Шампанское льется рекой. Кавалеры бьются за поцелуй Лизаньки, и готовы отдать за это последние деньги. Мертвое тело Ивана Васильевича в поисках мадам находит манекен, и уже совсем не понимает, что это не женщина. Да и есть ли душа в женщинах, находящихся сейчас, здесь, на этом празднике, где за пьяным угаром ничего не видно?

  В постановке нет хороших и плохих героев. Все заражены вирусом тоски и упадничества. И даже Павел Федорович, провалившийся в болото уныния, радуется только морфию. Казалось бы, единственный «светлый» человек в этом тюремном царстве. Но и его мечта о Париже рушится: убийство, кража – и в квартире уже уголовный розыск. И люди, которые, по сути дела, всю свою жизнь провели в «тюрьме», идут уже в новую тюрьму. Похожую ли на эту?

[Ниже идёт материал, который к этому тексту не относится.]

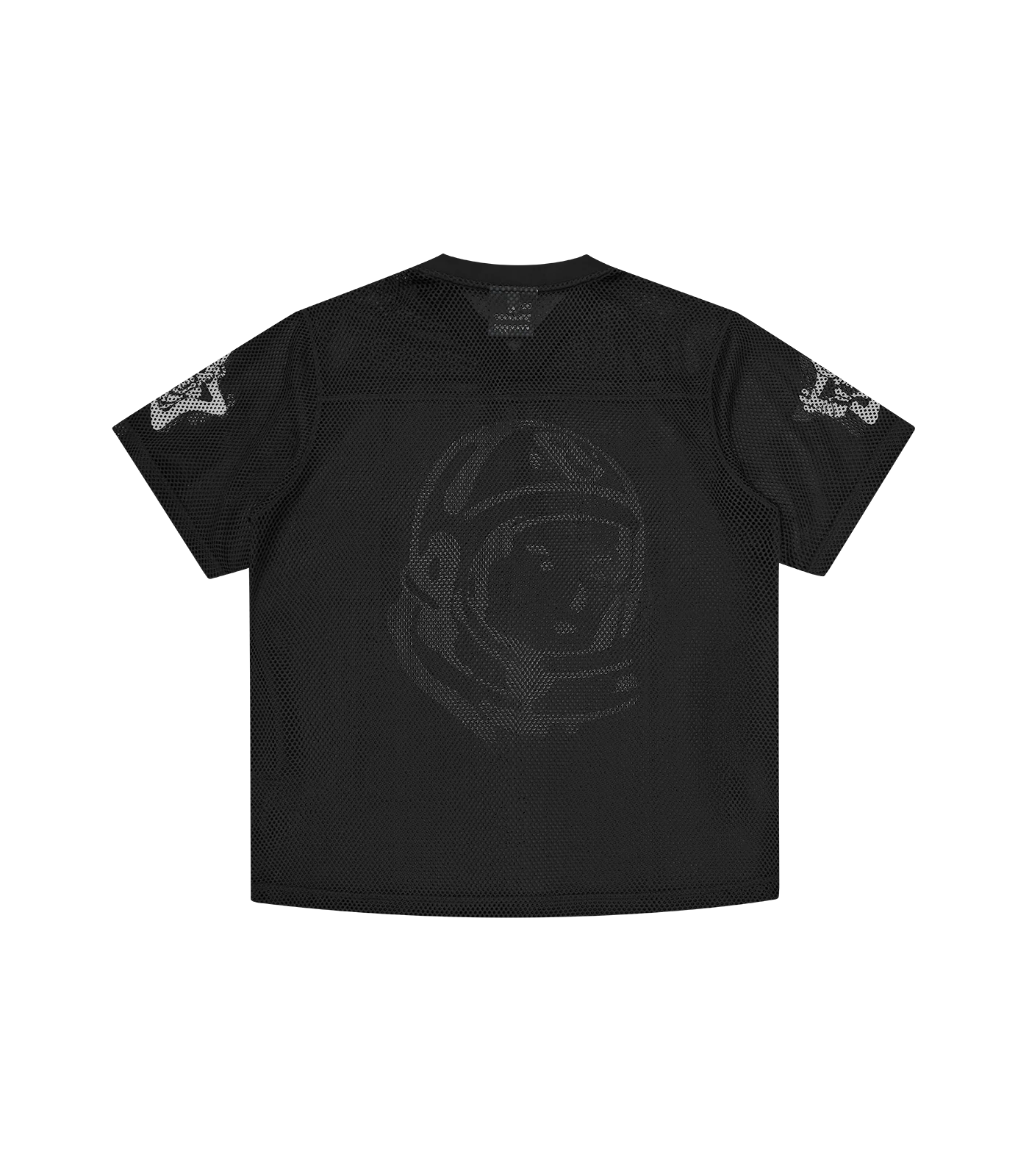 ASTRO BIG MESH FOOTBALL SHIRT - BLACK - Image 2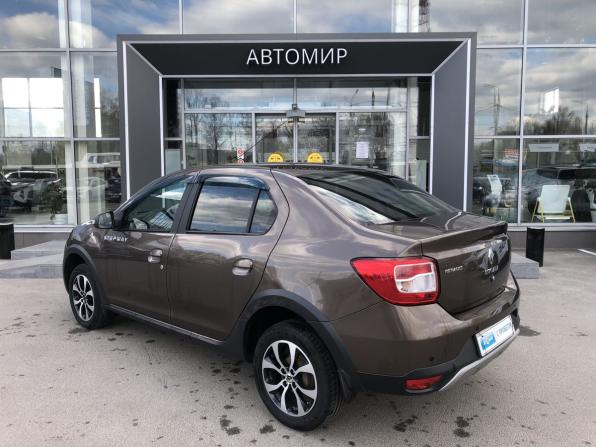 Renault Logan II Рестайлинг с пробегом 2019 года, цена 1 180 000 рублей, 70422 км, седан, Автокод Объявления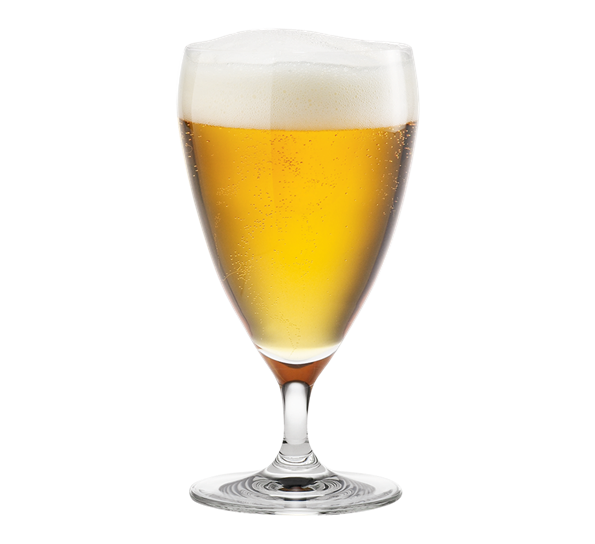 Perfection ølglass 33 cl fra Holmegaard
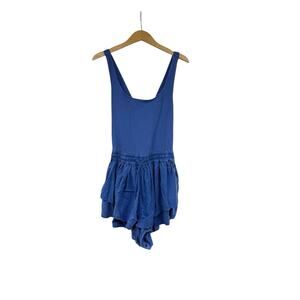 Free People Blue Romper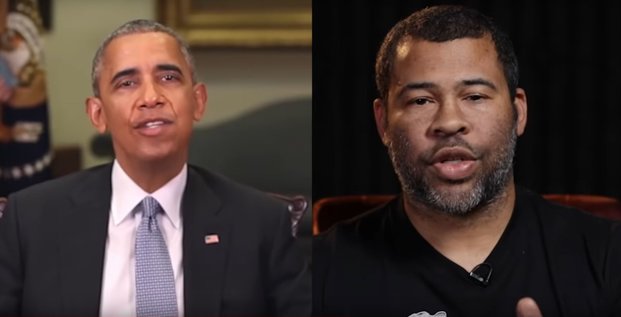 Obama, Jordan Peele, deepfake, IA,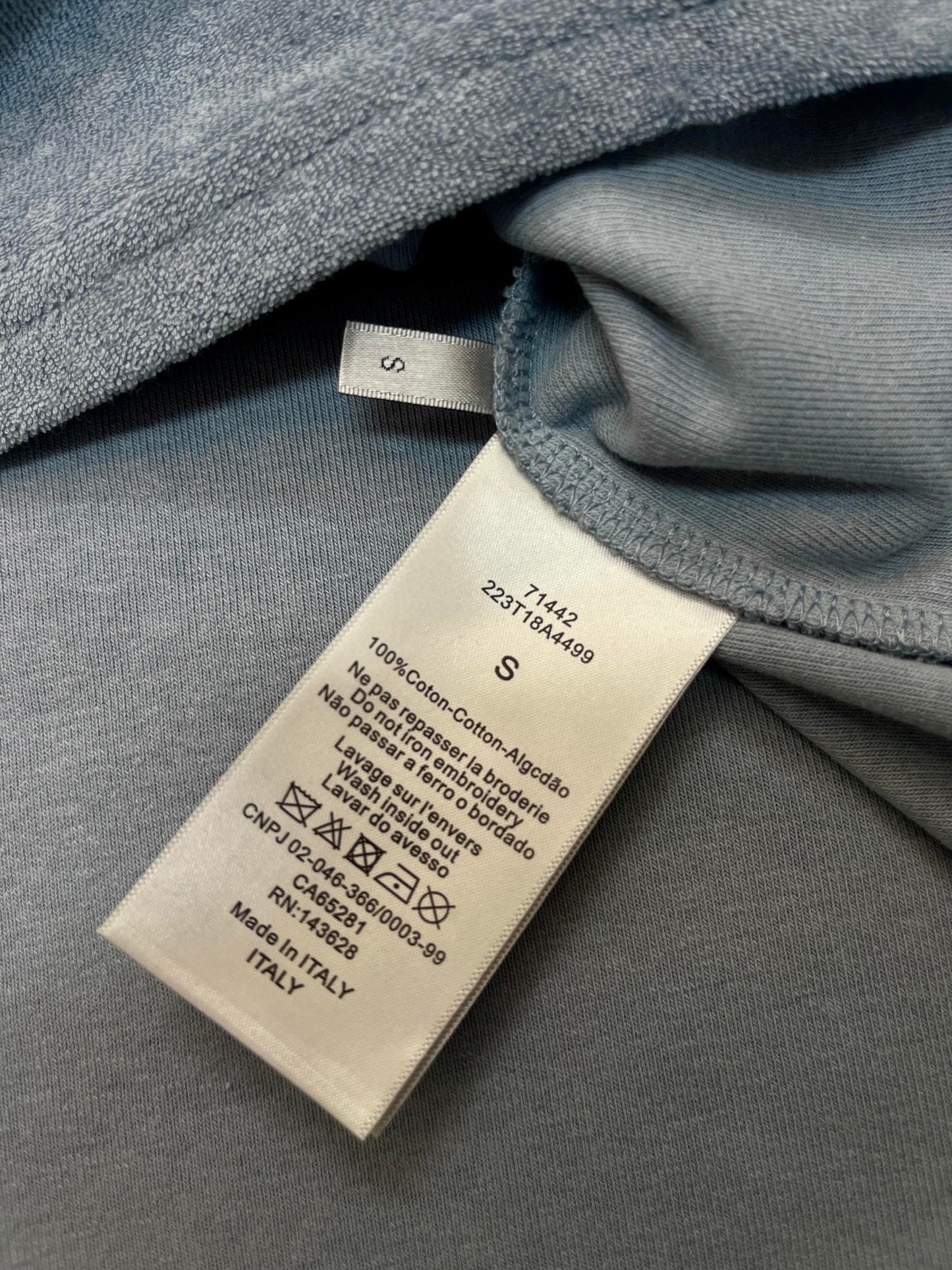 CD Cotton Short Sleeve shirt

Примечательно то, что Маргарита некоторым персонажам дает по веточке мимозы. Ядовито-желтые цветы постепенно наполняют сцену. Первый, кто получает цветок – Гусь-Ремонтный, которого убивает Херувим. Аналогия постановщика более чем прозрачна: цветок получат умершие персонажи. Некий намек режиссера на то, чем закончилась жизнь Аметистова, Херувима, Манюшки, других персонажей… Чем в советское время могла закончиться такая жизнь? Для режиссера ответ очевиден.